Conservatives seem not to care that what they say or write publicly is available for instant replay moments later, and available for instant recall years later. Republican talking points are easily refuted by their own words aired live in an earlier interview on national television or radio, or written in an op-ed piece in a national newspaper, memorializing for all time what was really said.

Such is the case of the recent round of GOP campaign rhetoric attacking President Obama’s leadership and sound judgment on bailing out the auto industry. Since it was successful, Mitt Romney and his party are taking credit for it, despite Romney’s op-ed in the New York Times on Nov. 18, 2008, Let Detroit Go Bankrupt.

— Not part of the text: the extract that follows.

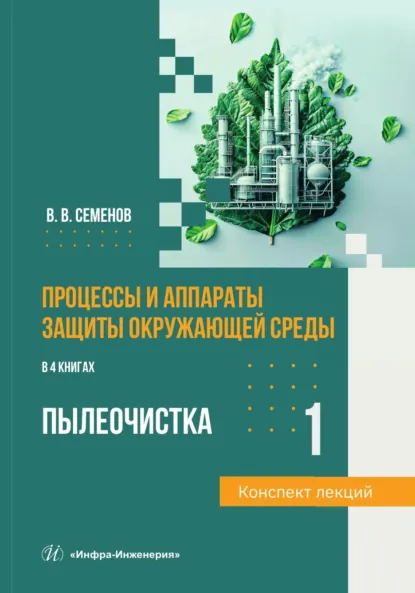 Обложка книги Процессы и аппараты защиты окружающей среды. Книга 1. Пылеочистка. Конспект лекций, В. В. Семёнов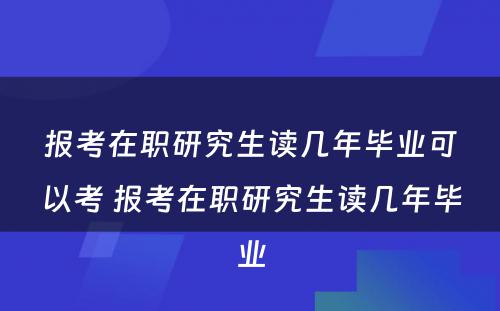 报考在职研究生读几年毕业可以考 报考在职研究生读几年毕业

Every voter needs to pay close attention to Romney’s op-ed because it says what he would do to our economy were he elected president. Not once in his op-ed does Romney show he fully grasped what was at stake. He never mentions the loss of millions of jobs, and the loss of small businesses (dealerships, vendors, suppliers, tool makers, truckers and logistic companies, and much more) that service the industry around the country and not just in Detroit. Moreover, Romney wrote he would cut down wages, benefits and pensions, and cut jobs, even at the cost of a quality product. Producing an inferior product would kill our chances of becoming competitive, which he referred to as “inevitable.”

So instead of promoting a vision of a revitalized American industry and ideal, Romney suggested American automakers model themselves after foreign corporations, ignoring quality and our ability to compete. When I read this, I wondered whether Romney was arguing for American workers and our economy, or for foreign corporations that might lead to profits for a few at the cost of millions of workers.

First, their huge disadvantage in costs relative to foreign brands must be eliminated. That means new labor agreements to align pay and benefits to match those of workers at competitors like BMW, Honda, Nissan and Toyota. Furthermore, retiree benefits must be reduced so that the total burden per auto for domestic makers is not higher than that of foreign producers.

That extra burden is estimated to be more than $2,000 per car. Think what that means: Ford, for example, needs to cut $2,000 worth of features and quality out of its Taurus to compete with Toyota’s Avalon. Of course the Avalon feels like a better product — it has $2,000 more put into it. Considering this disadvantage, Detroit has done a remarkable job of designing and engineering its cars. But if this cost penalty persists, any bailout will only delay the inevitable. [....]

In stark contrast, President Obama’s decisions and leadership throughout the auto industry’s rebirth was on point at every turn, including when he got tough on the industry in March 2009, and rejected auto companies initial restructuring plans. He sent them back to the table with a vision of what could be accomplished by focusing on revitalizing American pride in becoming a global leader in the industry.

I am confident that if each are willing to do their part… then this restructuring, as painful as it will be in the short-term, will mark not an end, but a new beginning for a great American industry; an auto industry that is once more out-competing the world; a 21st century auto industry that is creating new jobs, unleashing new prosperity, and manufacturing the fuel-efficient cars and trucks that will carry us towards an energy independent future. I am absolutely committed to working with Congress and the auto companies to meet one goal: the United States of America will lead the world in building the next generation of clean cars. [....]

This is what’s missing, among other things, from Romney the presidential candidate. His vision is flawed. We don’t want to model our business practices like our foreign competitors. That suggests that American businesses and manufacturers have no vision, no innovation and, ultimately no place in a global economy. Fortunately for all Americans, Romney wasn’t president in 2009.

In January 2012, due to President Obama’s solid leadership and vision for a rebirth of a great American industry and ideal, coupled with unprecedented hard work and innovation of the workers and management, GM announced that it sold “9.025 million vehicles in 2011.” In 17 months, GM came out on top, has paid back more than half of what it owes the government and is continuing to grow, building new plants and adding thousands of American jobs. Chrysler and Ford show similar results.

Voters need to pay close attention to the war of political rhetoric that is being waged on us through misleading political ads and self-contradicting commentary. A simple Google search will expose them as either truth or a lie. We all know the Republican playbook, turn your opponent’s accomplishments into flaws and those of particular success, claim them as your own. Thanks to Mitt Romney’s own words written on Nov. 18, 2008, we all know who saved the auto industry.